Remolachas deliciosas, chicas, redonditas, del mismo tamaño, las pobres estaban perdidas, tapadas en una selva de hojas. Por supuesto la verdulera pesó todo, raíces y hojas.
A la hora de acomodarla, corté la hojarasca y estaba a punto de tirarla cuando un amigo me anuncia que el construiría una tortilla de hojas de remolacha. Con cebolla caramelizada, y eso sí, los huevos de campo que acabamos de comprar en el mercado. Salió genial, gorda, con las hojas entreveradas, verdes y moradas.
En el menú de los miércoles de Oviedo detecté que sirven buñuelos de hojas de remolacha con ricota. La masa de los buñuelos bien aérea, una nube. En Francia le añaden cervezas a la "pâte- a frire", según una fórmula tradicional. Así las hice con lo que me quedaban de las hojas y la acompañe con una salsa aioli, esa salsita catalana con el ajo -hervido en leche como- protagonista- más briosa que ricota.
Había apartado lagunas de estas hojas para recrear una antigua receta nórdica: hamburguesas, con remolacha rallada y hojas de remolacha. Buenísimas con salsita de mostaza medio dulzona, como le gusta a los nórdicos. Y una cerveza roja.
Con las hojas de rabanito, otra tortilla: otro sabor, más picante, más raro, más todo. No se me ocurre que otra cosa se puede hacer con esas hojas de estas crocanteces, los rabanitos frescos, de estación, bien chiquitos que cada día me gustan más, perfectas a la hora del hambre, para picotear con sal gruesa.
A las remolacha en cuestión las hice encurtidas, a la manera sueca: hervidas y cortadas en rodajas, aderezadas con vinagre, azúcar, clavo laurel y, a falta de dill (eneldo), hojas de hinojo. Esas hojas quedan bien entreveradas en una ensalada verde o condimentando un pescado.
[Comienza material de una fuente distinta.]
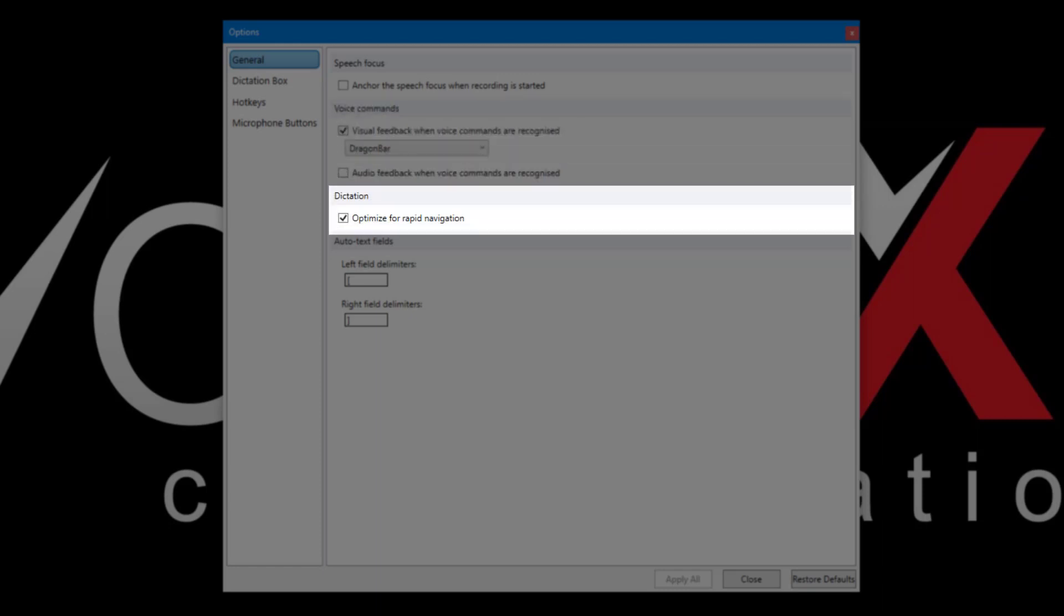Under Dictation, enable Optimize for Rapid Navigation if you're an experienced Dragon user and would like Dragon to respond more quickly. This setting is not recommended if you're new to Dragon.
Las pencas de acelga es cosa sabida y antigua. Son maravillosas. Las de la infancia eran gratinadas horno, cocidas previamente, con manteca, crema y gruyère. Más tarde, en épocas de vacas flacas, las devoré fritas, panadas con pan rallado y, en invierno, con la salsa de la Bagna Cauda.
Hay algo para hacer con los tallos de brócoli: hervidos, pueden freírse al estilo tempura. O utilizarlos para añadir a la salsa de brócoli, ajo y anchoas para las pastas.
¿Qué más? La parte verde de la cebolla de verdeo para lo que venga, desde dips de ricotta, hasta empanadas sutiles. Omelette con esas verdes que también estaban destinados a la nada, son perfectas. Jugar a que es la más difícil y más cara ciboulette o cebollín. Nada se pierde, todo se transforma.